In conclusion, personalized medicine is especially challenging and important in this patient group with strongly impaired survival rates. Therefore, accurate information about individual patient prognosis should be pursued before individual patient management decision making. Next to clinical and pathological characteristics, biological tumor characteristics such as metabolic parameters on [18F]FDG-PET scans can be considered for this purpose. In this regard, the current study finds SUVmax and SUVpeak to be significantly predictive for overall survival in patients with metastases from STS. Furthermore, both features add prognostic value to the best performing clinical parameters.

Author Contributions

Conceptualization, G.M.K., W.G. and L.-F.d.G.-O.; methodology, G.M.K., W.G., J.L.B. and L.-F.d.G.-O.; software, G.M.K. and F.H.P.v.V.; validation, G.M.K., W.G. and F.H.P.v.V.; formal analysis, G.M.K., W.G. and L.-F.d.G.-O.; investigation, G.M.K., J.V.M.G.B., H.G., J.A.v.d.H., M.A.J.v.d.S., J.L.B. and L.-F.d.G.-O.; resources, G.M.K., J.V.M.G.B., H.G., J.A.v.d.H., M.A.J.v.d.S., F.H.P.v.V., J.L.B. and L.-F.d.G.-O.; data curation, G.M.K., W.G., J.V.M.G.B. and L.-F.d.G.-O.; writing—original draft preparation, G.M.K. and L.-F.d.G.-O.; writing—review and editing, G.M.K., W.G., J.V.M.G.B., H.G., J.A.v.d.H., M.A.J.v.d.S., F.H.P.v.V., J.L.B. and L.-F.d.G.-O.; visualization, G.M.K., F.H.P.v.V. and L.-F.d.G.-O.; supervision, W.G., J.L.B. and L.-F.d.G.-O.; project administration, G.M.K.; funding acquisition, W.G., J.L.B. and L.-F.d.G.-O. All authors have read and agreed to the published version of the manuscript.

Funding

We declare the following financial interests/personal relationships which may be considered as potential competing interests: G.M. Kalisvaart was the recipient of an educational grant from Philips Electronics Nederland B.V, Eindhoven, The Netherlands, during writing of this manuscript. Furthermore, the research presented in the manuscript was supported by a public grant from Health~Holland TKI Life Sciences & Health.

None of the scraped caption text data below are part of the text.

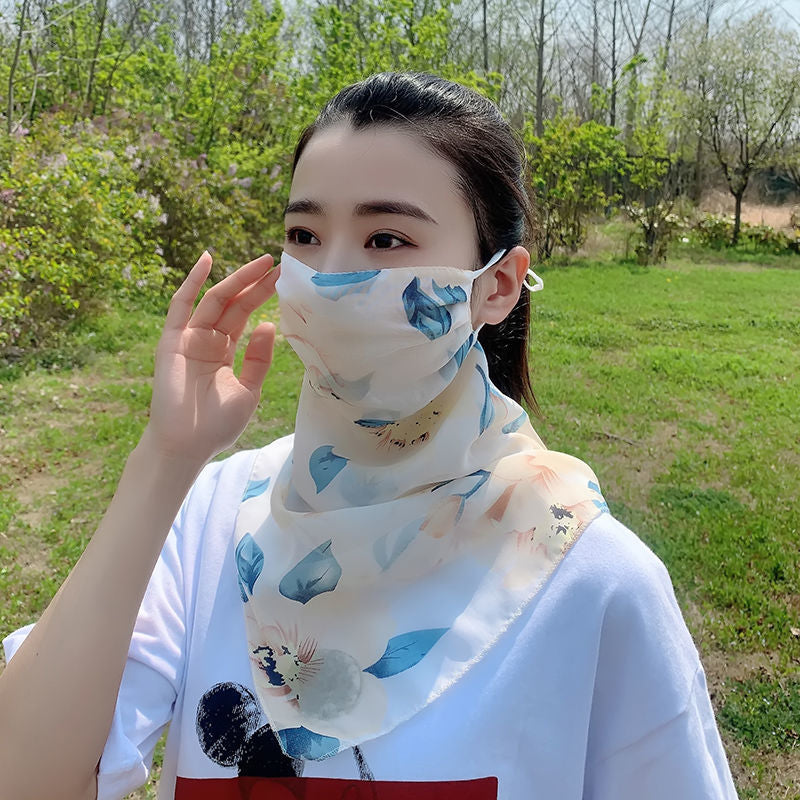更新:79769494-99 (2pc/2件) 防風防曬頭套面罩 ski sunscreen mask #pdc 950717
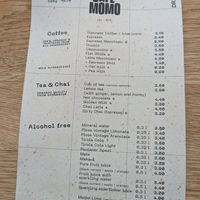  at Café Momo in Innsbruck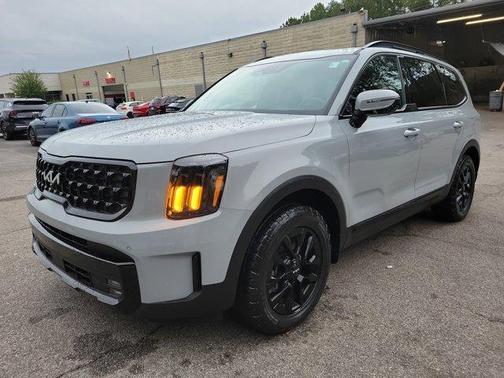 2024 Kia Telluride SX-Prestige X-Pro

Institutional Review Board Statement

The study was conducted according to the guidelines of the Declaration of Helsinki and approved by the Ethics Committee Leiden Den Haag Delft (METC LDD) (protocol code: B19.050, date of approval 14 January 2020).

Informed Consent Statement

Patient consent was waived due to due to the retrospective nature of the study. Patients who objected to the use of their data were excluded.

Data Availability Statement

The datasets generated during and/or analyzed during the current study are available from the corresponding author upon reasonable request.

Acknowledgments

The authors would like to thank Jan W. Schoones for his contribution to the search strategy.

Conflicts of Interest

The authors have declared that no competing interest exist.

Appendix A. Literature Search

A systematic literature search was performed to identify available articles describing original research attending to our hypothesis. A search strategy based on our hypothesis was designed with the assistance of a medical librarian and conducted in PubMed on 1 September 2021. A total of 182 records were identified. After screening the titles, 32 records were excluded. In addition, after reading the abstracts and/or full articles, another 150 records were excluded. No articles that investigated our hypothesis were found (Figure A1).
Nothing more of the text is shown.